Tablets may be prepared by compression or moulding, optionally with one or more accessory ingredients. Can be prepared by compressing in a suitable machine the active ingredient in a free-flowing form (e.g., powder or granules), optionally mixed with a binder, lubricant, inert diluent, lubricant, surfactant or dispersant. Molded tablets may be prepared by molding in a suitable machine a mixture of the powdered compound moistened with an inert liquid diluent. The tablets may optionally be coated or scored and may be formulated so as to provide slow or controlled release of the active ingredient therein. The compounds of the invention may be administered, for example, in a form suitable for immediate release or extended release. Immediate or extended release may be achieved by the use of suitable pharmaceutical compositions comprising the compounds of the invention, or, particularly in the case of extended release, by the use of devices such as subcutaneous implants or osmotic pumps. The compounds of the invention may also be administered via liposomes.

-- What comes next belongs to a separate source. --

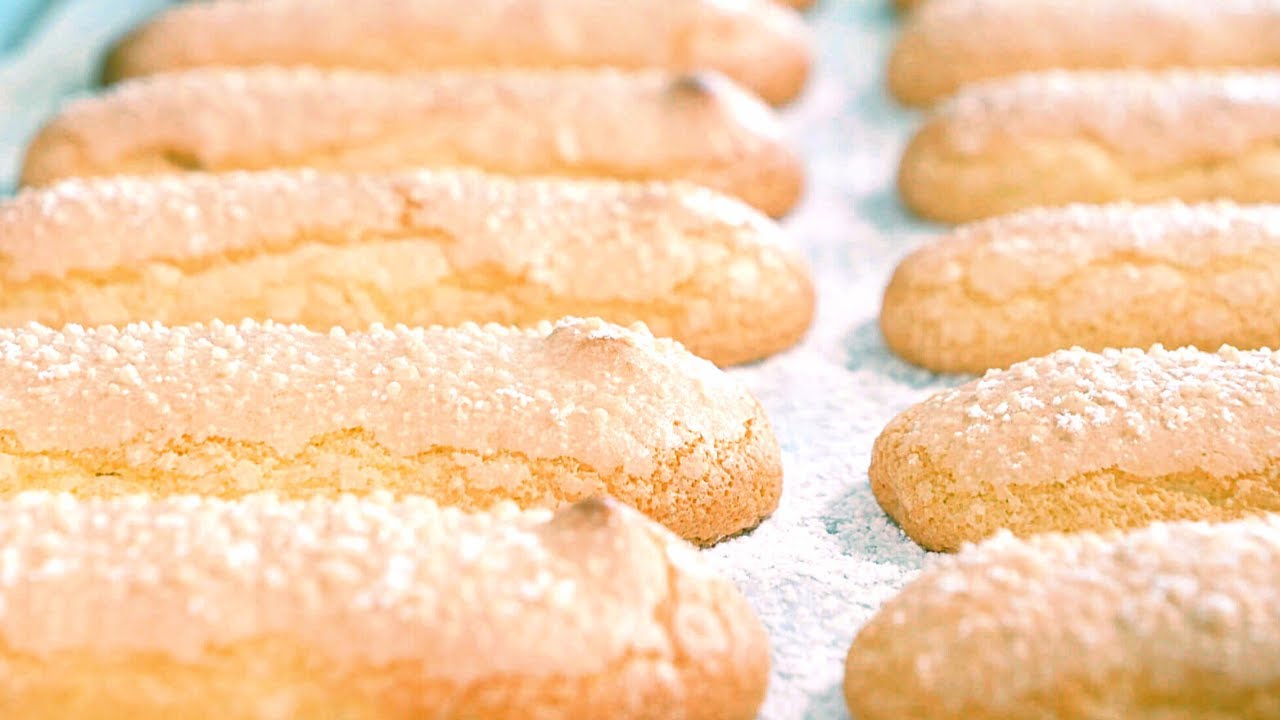 BISCUIT À LA CUILLÈRE MAISON - RECETTE FACILE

Preferably, the composition according to the invention is suitable for subcutaneous administration, e.g. by injection. According to certain embodiments, the composition may contain metal ions such as copper, iron, aluminum, zinc, nickel, or cobalt ions. The presence of such ions may limit solubility and thus delay absorption from the subcutaneous site of administration into the circulatory system. In a particularly preferred embodiment, the composition contains zinc ions. The zinc ions may be present in any suitable concentration, for example in a molar ratio to the peptide molecule of 10:1 to 1:10, 8:1 to 1:8, 5:1 to 1:5, 4:1 to 1:4, 3:1 to 1:3, 2:1 to 1:2 or 1: 1. In one embodiment, the pH of the pharmaceutical composition is less than 5 and the pharmaceutical composition includes zinc ions.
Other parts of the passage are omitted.